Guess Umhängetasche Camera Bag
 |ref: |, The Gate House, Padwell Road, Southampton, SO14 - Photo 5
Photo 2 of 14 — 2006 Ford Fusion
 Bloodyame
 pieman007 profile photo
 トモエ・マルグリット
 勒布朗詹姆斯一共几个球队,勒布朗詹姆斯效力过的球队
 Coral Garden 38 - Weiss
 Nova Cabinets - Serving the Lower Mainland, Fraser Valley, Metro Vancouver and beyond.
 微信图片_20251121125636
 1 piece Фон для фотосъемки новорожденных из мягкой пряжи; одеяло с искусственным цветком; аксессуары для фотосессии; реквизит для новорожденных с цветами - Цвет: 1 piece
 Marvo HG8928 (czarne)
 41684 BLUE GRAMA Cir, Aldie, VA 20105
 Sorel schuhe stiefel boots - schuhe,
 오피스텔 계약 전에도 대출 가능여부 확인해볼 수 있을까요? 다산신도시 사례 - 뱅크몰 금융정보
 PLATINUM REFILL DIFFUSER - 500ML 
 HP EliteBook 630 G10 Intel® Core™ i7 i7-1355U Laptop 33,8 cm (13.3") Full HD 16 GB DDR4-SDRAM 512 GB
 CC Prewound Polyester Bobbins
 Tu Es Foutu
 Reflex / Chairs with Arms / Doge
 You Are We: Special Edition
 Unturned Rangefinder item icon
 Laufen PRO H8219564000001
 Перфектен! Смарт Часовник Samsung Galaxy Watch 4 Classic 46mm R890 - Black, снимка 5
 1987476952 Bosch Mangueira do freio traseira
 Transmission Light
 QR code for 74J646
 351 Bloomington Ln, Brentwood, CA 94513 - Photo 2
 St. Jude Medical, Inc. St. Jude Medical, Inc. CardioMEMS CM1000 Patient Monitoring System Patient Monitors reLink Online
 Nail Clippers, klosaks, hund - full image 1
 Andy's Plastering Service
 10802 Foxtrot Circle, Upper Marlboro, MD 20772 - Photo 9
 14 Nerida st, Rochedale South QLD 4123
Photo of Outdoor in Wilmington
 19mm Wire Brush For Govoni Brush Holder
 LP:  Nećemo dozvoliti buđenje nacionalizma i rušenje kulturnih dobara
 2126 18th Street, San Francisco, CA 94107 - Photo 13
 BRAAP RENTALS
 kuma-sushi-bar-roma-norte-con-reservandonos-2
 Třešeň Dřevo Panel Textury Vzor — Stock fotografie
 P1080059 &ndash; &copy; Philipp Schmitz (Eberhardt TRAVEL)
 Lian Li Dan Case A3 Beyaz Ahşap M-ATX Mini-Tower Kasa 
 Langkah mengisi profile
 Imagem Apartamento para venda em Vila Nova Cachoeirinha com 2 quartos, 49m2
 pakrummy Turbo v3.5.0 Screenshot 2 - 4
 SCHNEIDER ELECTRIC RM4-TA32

■ ■ ■ ■ ■

◆ Description of the task: Quote exactly the first line of the entries and every line after it, stopping with the line that contains "微信图片_20251121125636".

◆ Task output:
Guess Umhängetasche Camera Bag
 |ref: |, The Gate House, Padwell Road, Southampton, SO14 - Photo 5
Photo 2 of 14 — 2006 Ford Fusion
 Bloodyame
 pieman007 profile photo
 トモエ・マルグリット
 勒布朗詹姆斯一共几个球队,勒布朗詹姆斯效力过的球队
 Coral Garden 38 - Weiss
 Nova Cabinets - Serving the Lower Mainland, Fraser Valley, Metro Vancouver and beyond.
 微信图片_20251121125636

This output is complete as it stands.